Look below for the line containing "2105 Se 51ST Ave, Portland, OR 97215"; from there, print each line exactly up to and including the line containing "It’s my BIRTHDAY", and stop.

## MATERIAL FOR THE TASK

--------------------

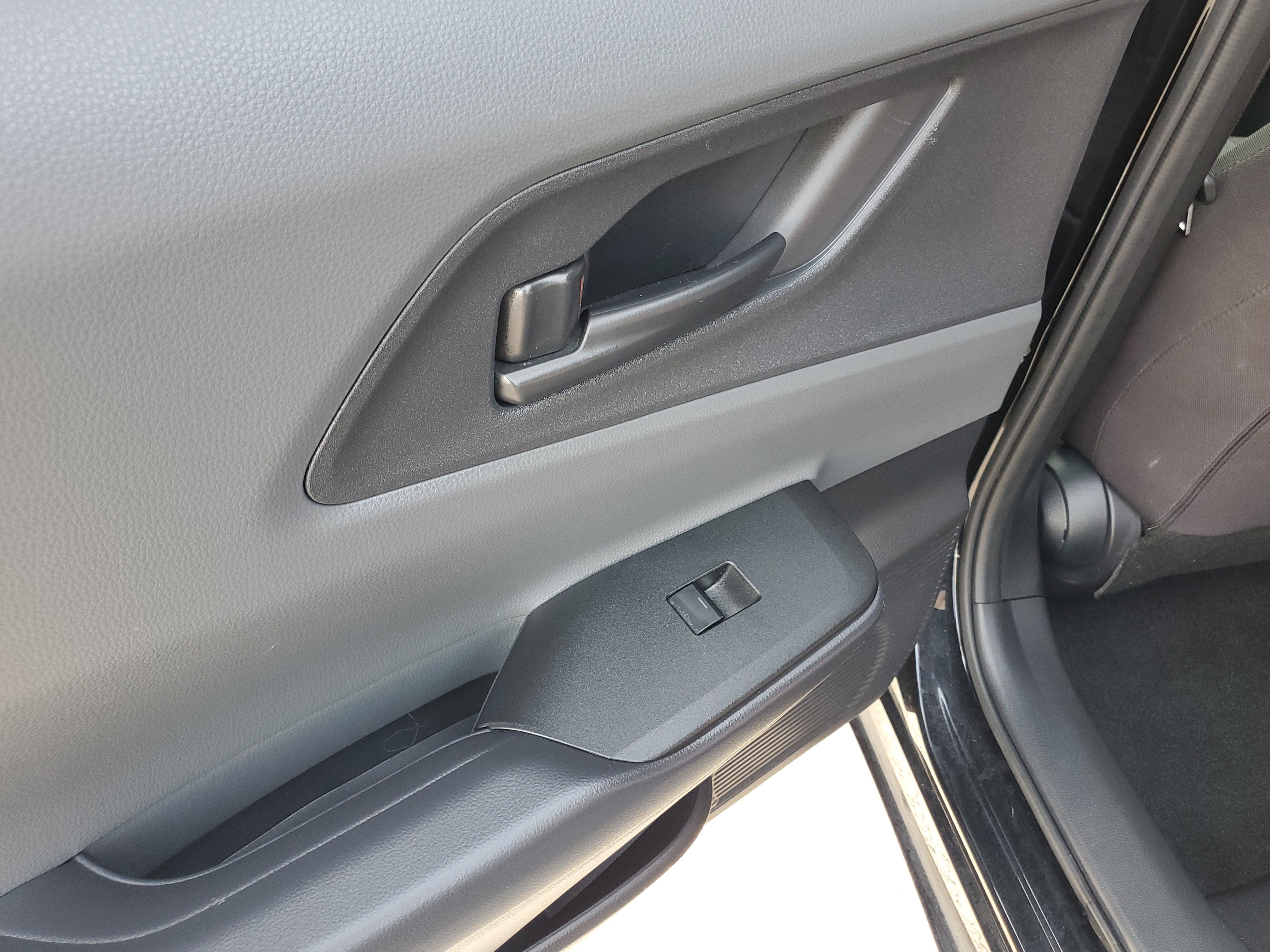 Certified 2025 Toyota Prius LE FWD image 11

--------------------

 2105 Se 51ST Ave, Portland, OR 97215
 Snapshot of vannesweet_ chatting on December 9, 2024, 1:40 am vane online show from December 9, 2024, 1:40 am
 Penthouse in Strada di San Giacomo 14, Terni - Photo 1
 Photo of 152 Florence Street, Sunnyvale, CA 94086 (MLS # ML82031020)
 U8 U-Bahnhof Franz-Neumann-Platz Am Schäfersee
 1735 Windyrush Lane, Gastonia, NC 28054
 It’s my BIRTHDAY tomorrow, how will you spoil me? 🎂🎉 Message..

--------------------

## SOLVED PROBLEM
 2105 Se 51ST Ave, Portland, OR 97215
 Snapshot of vannesweet_ chatting on December 9, 2024, 1:40 am vane online show from December 9, 2024, 1:40 am
 Penthouse in Strada di San Giacomo 14, Terni - Photo 1
 Photo of 152 Florence Street, Sunnyvale, CA 94086 (MLS # ML82031020)
 U8 U-Bahnhof Franz-Neumann-Platz Am Schäfersee
 1735 Windyrush Lane, Gastonia, NC 28054
 It’s my BIRTHDAY tomorrow, how will you spoil me? 🎂🎉 Message..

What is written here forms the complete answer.